So, probably I'll focus on explaining the working and especially add
various parameters that can be associated in the arguments
for running emma with ant.

I have also updated the proposal to contain all the above.

Also, I would like to hear your thoughts on how, given a specific method
> for which you plan to improve coverage, how would you go about identifying
> a functional test case which will cover the method.  This will of course be
> the tricky bit of all of this.

I'll be following this mail with another one to explain what my
understanding is in this regard.

Thanks

Regards
Siddharth Srivastava

[1]:http://liveaired.com/derby/emma/junit_sane/
[2] http://dbtg.foundry.sun.com/derby/test/coverage/
[3]  http://db.apache.org/derby/binaries/DerbyCodeCoverageUsingEmma.pdf

Re: GSoC 2012 Proposal

Posted by Katherine Marsden <km...@sbcglobal.net>.

On 4/11/2012 4:25 AM, Tiago Espinha wrote:
>
> Also from talking with you on IRC, I see that the results you 
> presented are based on Derby's automated reports. If you could get 
> your Emma run setup before April 16 (the deadline for the student 
> ranking) and you mention this in your application, it would make your 
> proposal much stronger.
>
I too think it would be good to go through running the code coverage and 
also for the the improvements for a summer projected it would be good to 
focus on method coverage and focus on a few specific packages.
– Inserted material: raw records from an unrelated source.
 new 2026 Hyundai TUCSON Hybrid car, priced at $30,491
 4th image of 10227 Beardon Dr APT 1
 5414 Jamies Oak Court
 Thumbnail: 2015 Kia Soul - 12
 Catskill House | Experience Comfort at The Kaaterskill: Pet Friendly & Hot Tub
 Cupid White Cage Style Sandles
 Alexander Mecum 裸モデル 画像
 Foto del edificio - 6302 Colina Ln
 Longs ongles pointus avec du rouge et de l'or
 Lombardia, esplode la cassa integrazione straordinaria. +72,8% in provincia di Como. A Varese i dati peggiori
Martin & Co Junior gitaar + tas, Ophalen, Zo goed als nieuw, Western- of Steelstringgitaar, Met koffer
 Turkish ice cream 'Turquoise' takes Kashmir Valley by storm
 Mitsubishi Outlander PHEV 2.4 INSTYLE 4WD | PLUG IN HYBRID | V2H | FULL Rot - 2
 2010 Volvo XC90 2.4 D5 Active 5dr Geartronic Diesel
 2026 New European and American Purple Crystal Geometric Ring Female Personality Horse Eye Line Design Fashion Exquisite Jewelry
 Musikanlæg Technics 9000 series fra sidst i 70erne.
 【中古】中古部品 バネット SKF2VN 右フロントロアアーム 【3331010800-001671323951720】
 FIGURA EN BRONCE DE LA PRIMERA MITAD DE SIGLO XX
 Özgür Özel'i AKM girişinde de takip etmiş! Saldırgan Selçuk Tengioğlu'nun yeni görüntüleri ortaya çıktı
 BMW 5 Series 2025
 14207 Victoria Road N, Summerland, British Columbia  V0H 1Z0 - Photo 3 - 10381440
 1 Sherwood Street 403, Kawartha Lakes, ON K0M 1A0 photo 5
I think also allocating some time in the proposal for perhaps updating 
and expanding our limited  documentation on  the running and analyzing  
code coverage.
http://wiki.apache.org/db-derby/CodeCoverageWithEMMA

Also, I would like to hear your thoughts on how, given a specific method 
for which you plan to improve coverage, how would you go about 
identifying a functional test case which will cover the method.  This 
will of course be the tricky bit of all of this.

Kathey

Re: GSoC 2012 Proposal

Posted by Tiago Espinha <ti...@espinha.net>.

Hi Siddharth,

Your proposal looks good to me, however I would like to see a bit more of
background. Why are unit tests important? I offered to mentor this proposal
but it would be nice to see that you grasp the importance of having such
unit tests. When are they important? Why do we bother writing them? Are we
wasting our time or will these tests actually be beneficial for Derby in
the future? Try to answer these questions and sell me the idea of why we
need to raise our test coverage :-)

In your proposal you also say "Main focus would be to maximise the code
coverage". The researcher in me tends to disagree :-) I'd be MUCH happier
with an overall code coverage of 80% on Derby, than having a few random
classes with 100% and another bunch with, say, 40%. It's been (more or
less) proven that anything above 80% is overkill but if we achieve 80%
along all of Derby's codebase (n.b. not an average number, but at least 80%
on all of Derby's codebase), we can in principle have a very good code
coverage.

Also from talking with you on IRC, I see that the results you presented are
based on Derby's automated reports. If you could get your Emma run setup
before April 16 (the deadline for the student ranking) and you mention this
in your application, it would make your proposal much stronger.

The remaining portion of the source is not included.